> _The task_
Copy the material below verbatim from the line with "210 S Carter St, Liberty, NC 27298 - Photo 9" to the line with "928 Rita Dr", both lines included, omitting pictures and every line outside that range.

> _Input material_

BEGIN

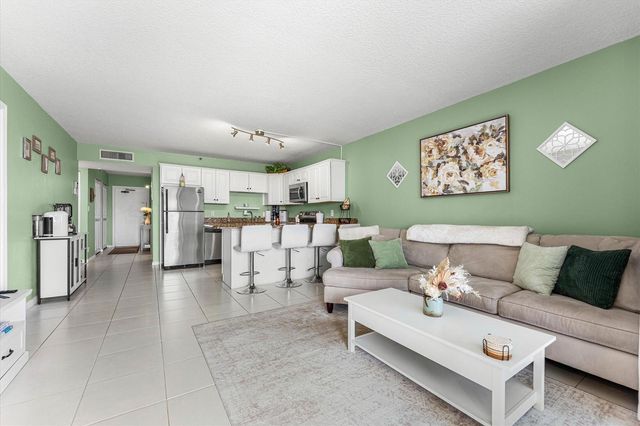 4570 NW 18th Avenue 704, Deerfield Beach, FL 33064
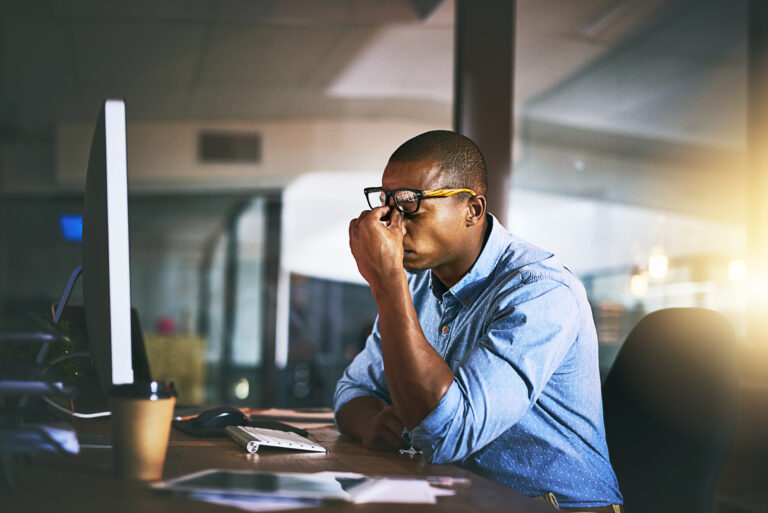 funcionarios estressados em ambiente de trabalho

END
BEGIN

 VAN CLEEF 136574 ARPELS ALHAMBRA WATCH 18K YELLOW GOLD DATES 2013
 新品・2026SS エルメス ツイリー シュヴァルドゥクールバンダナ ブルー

END
BEGIN

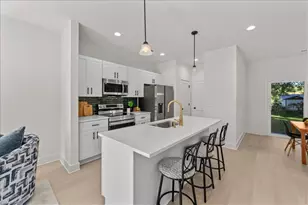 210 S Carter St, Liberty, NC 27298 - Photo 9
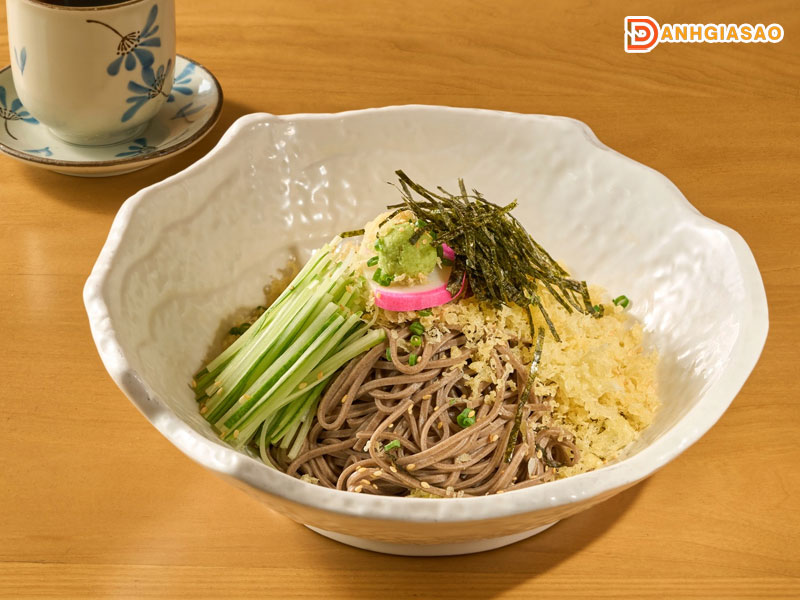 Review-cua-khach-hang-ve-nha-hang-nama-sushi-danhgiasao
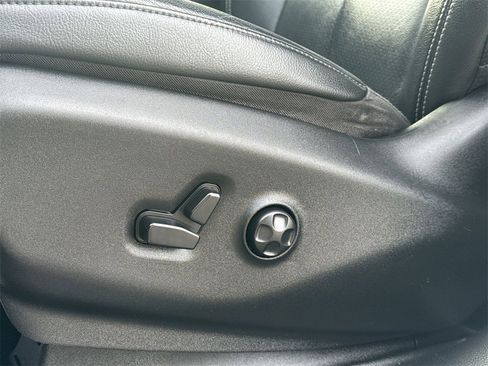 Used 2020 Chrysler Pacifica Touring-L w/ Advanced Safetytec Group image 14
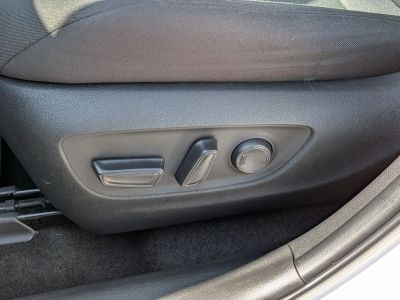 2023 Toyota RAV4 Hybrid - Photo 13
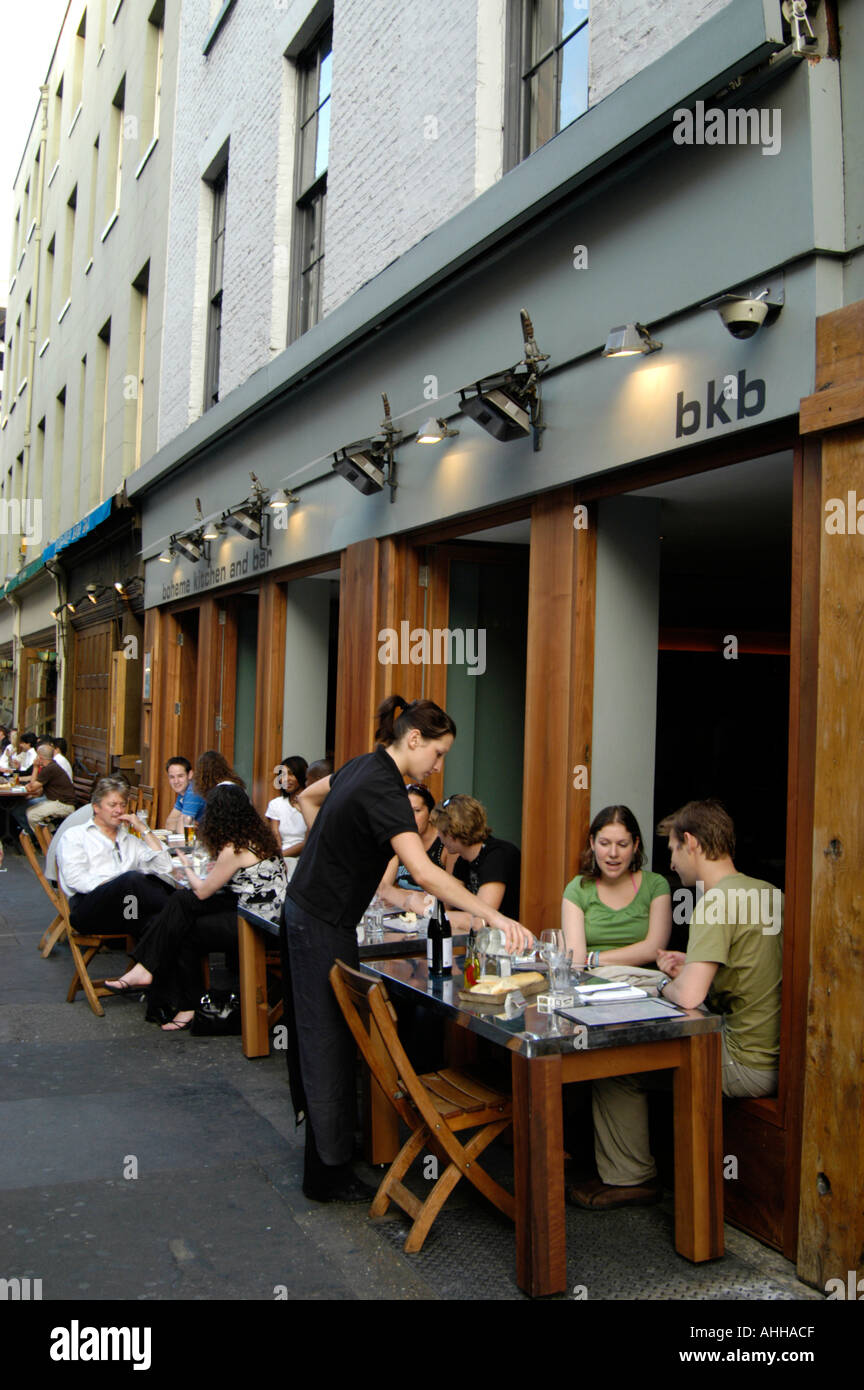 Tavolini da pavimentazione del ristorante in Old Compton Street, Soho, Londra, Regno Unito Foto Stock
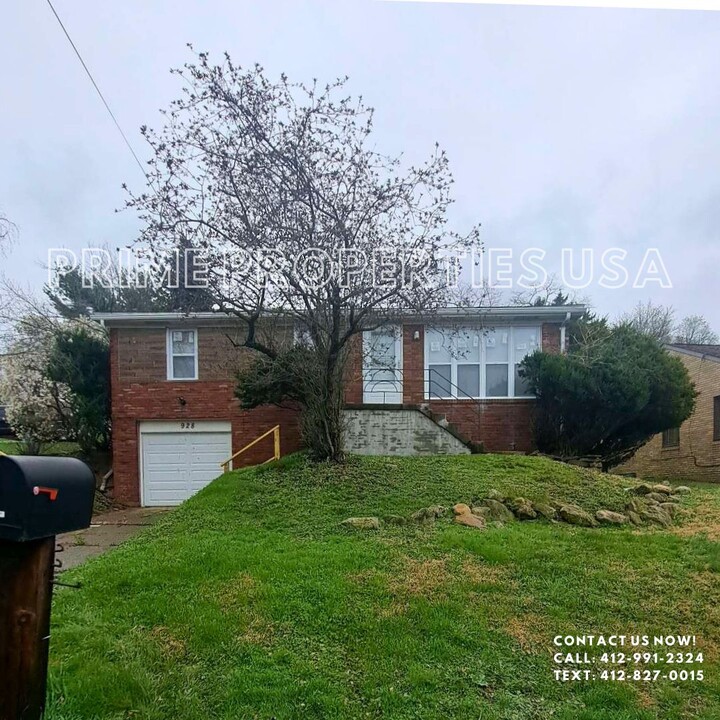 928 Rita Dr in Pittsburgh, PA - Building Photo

END

> _Task answer_
 210 S Carter St, Liberty, NC 27298 - Photo 9
 Review-cua-khach-hang-ve-nha-hang-nama-sushi-danhgiasao
 Used 2020 Chrysler Pacifica Touring-L w/ Advanced Safetytec Group image 14
 2023 Toyota RAV4 Hybrid - Photo 13
 Tavolini da pavimentazione del ristorante in Old Compton Street, Soho, Londra, Regno Unito Foto Stock
 928 Rita Dr in Pittsburgh, PA - Building Photo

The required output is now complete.